DATA RECORDS Start Marker

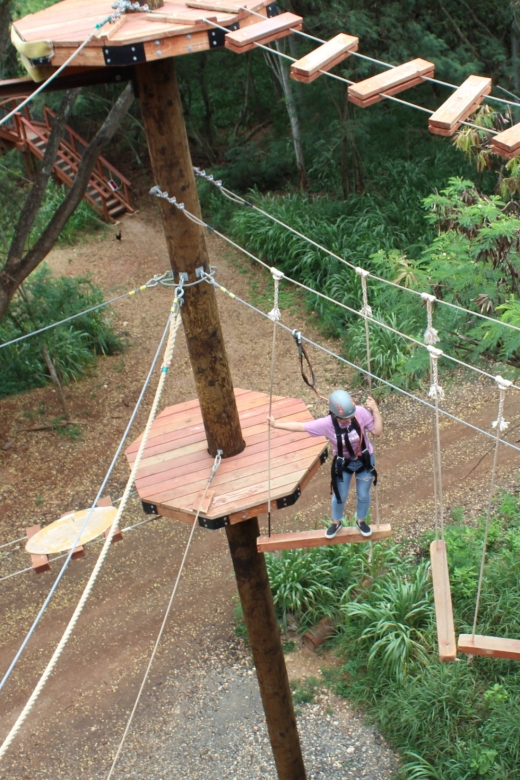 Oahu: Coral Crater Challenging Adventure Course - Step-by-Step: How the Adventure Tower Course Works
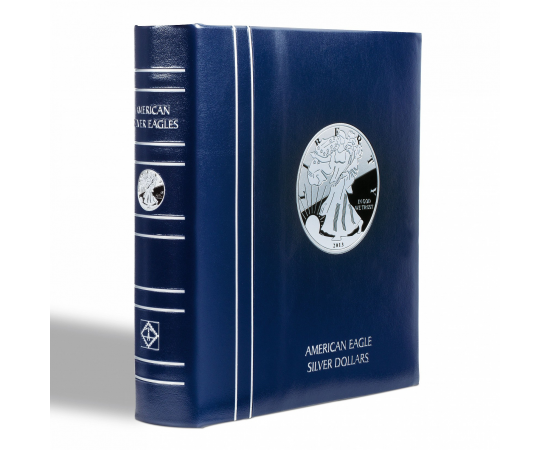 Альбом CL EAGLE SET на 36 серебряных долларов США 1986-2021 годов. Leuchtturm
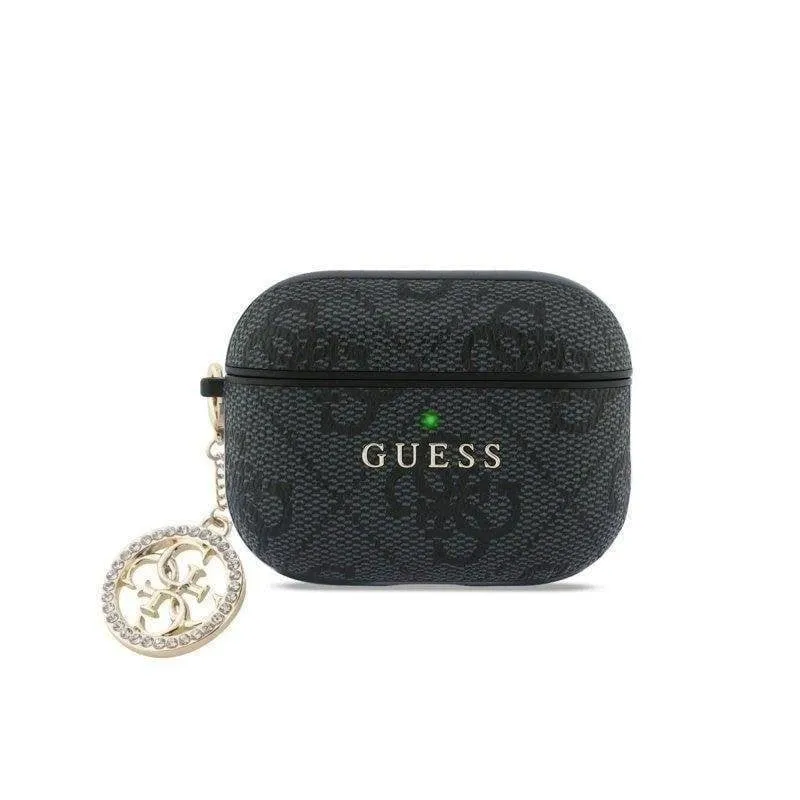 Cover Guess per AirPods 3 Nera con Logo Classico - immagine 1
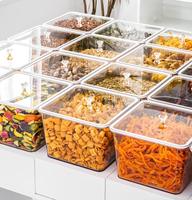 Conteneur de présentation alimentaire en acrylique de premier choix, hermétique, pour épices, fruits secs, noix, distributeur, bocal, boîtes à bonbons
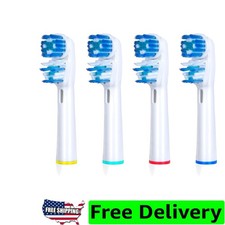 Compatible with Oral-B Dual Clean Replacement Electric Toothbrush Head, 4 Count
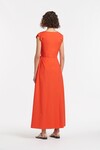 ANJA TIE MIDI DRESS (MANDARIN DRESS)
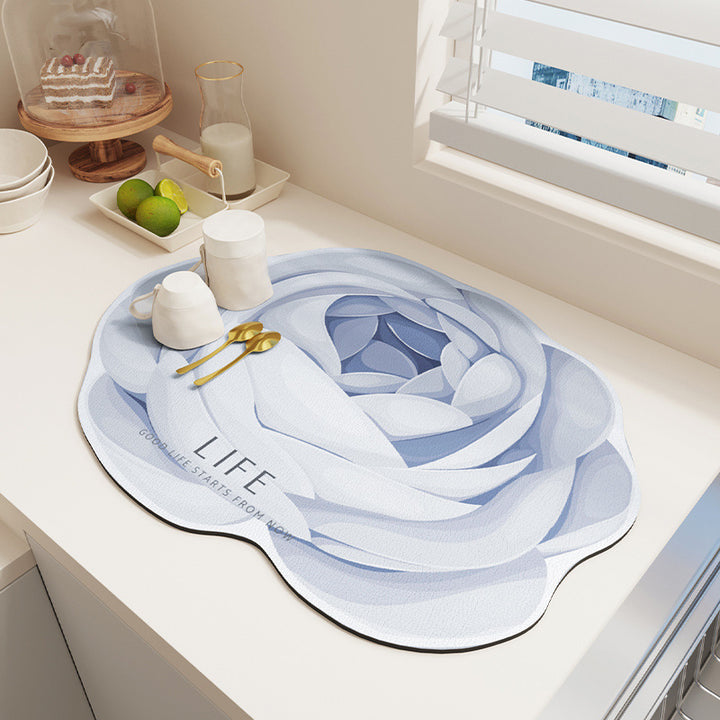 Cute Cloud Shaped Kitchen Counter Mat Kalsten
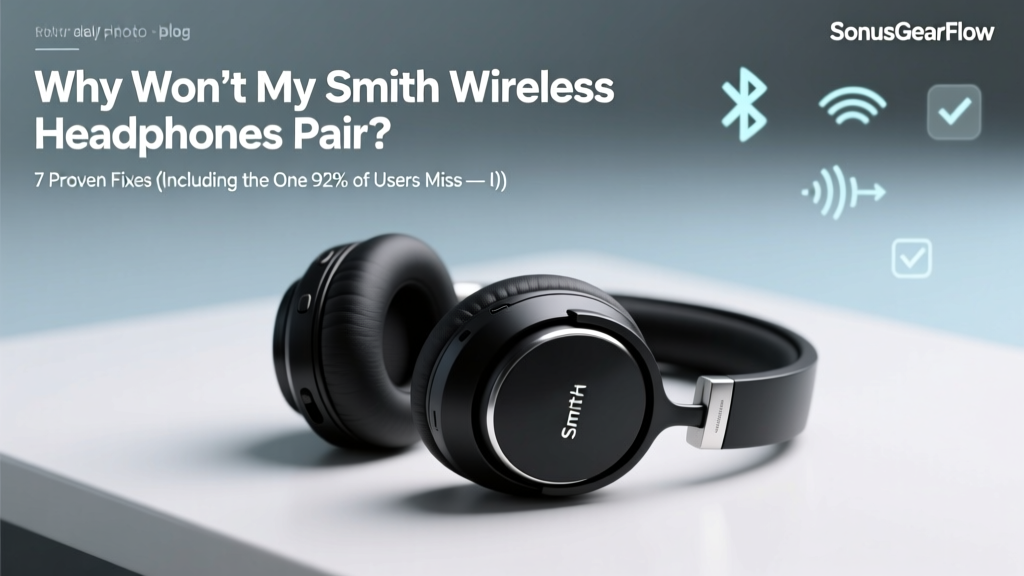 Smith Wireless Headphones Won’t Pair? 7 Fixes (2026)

DATA RECORDS End Marker
DATA RECORDS Start Marker

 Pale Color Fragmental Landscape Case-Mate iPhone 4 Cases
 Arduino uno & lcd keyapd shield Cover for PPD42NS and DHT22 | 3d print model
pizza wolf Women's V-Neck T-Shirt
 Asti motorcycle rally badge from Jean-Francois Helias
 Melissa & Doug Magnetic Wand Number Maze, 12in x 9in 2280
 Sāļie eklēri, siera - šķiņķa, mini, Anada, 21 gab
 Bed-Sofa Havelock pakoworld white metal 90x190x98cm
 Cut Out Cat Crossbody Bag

DATA RECORDS End Marker
DATA RECORDS Start Marker

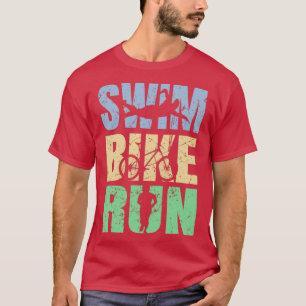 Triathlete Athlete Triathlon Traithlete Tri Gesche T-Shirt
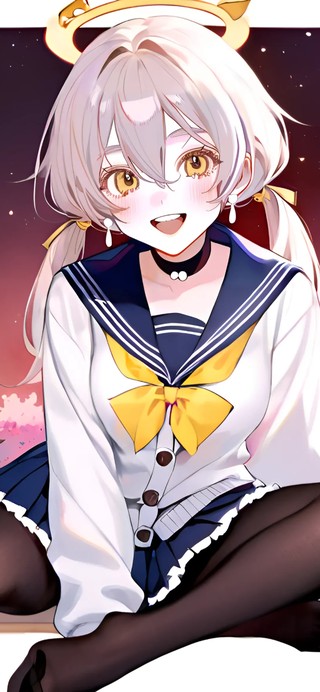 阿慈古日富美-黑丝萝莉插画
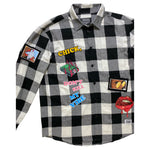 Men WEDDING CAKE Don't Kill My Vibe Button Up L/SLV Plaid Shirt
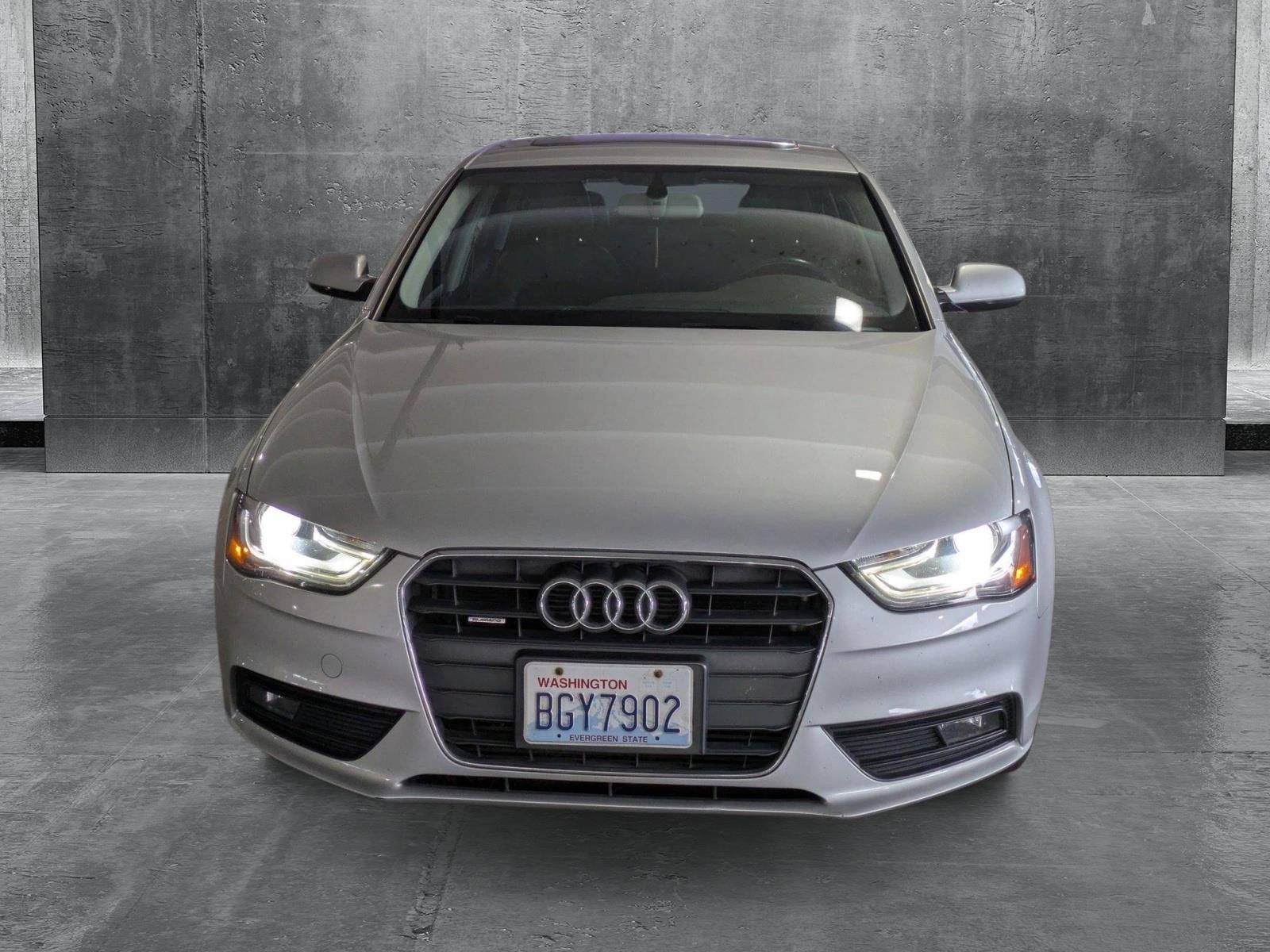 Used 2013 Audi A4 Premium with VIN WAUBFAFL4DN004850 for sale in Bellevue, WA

DATA RECORDS End Marker

▶ _HOW TO COMPLETE THIS TASK_:
Output only the stretch above from the line with "Альбом CL EAGLE" through the line with "Smith Wireless Headphones", reproduced exactly. Exclude pictures.

▶ _TASK RESULT_:
 Альбом CL EAGLE SET на 36 серебряных долларов США 1986-2021 годов. Leuchtturm
 Cover Guess per AirPods 3 Nera con Logo Classico - immagine 1
 Conteneur de présentation alimentaire en acrylique de premier choix, hermétique, pour épices, fruits secs, noix, distributeur, bocal, boîtes à bonbons
 Compatible with Oral-B Dual Clean Replacement Electric Toothbrush Head, 4 Count
 ANJA TIE MIDI DRESS (MANDARIN DRESS)
 Cute Cloud Shaped Kitchen Counter Mat Kalsten
 Smith Wireless Headphones Won’t Pair? 7 Fixes (2026)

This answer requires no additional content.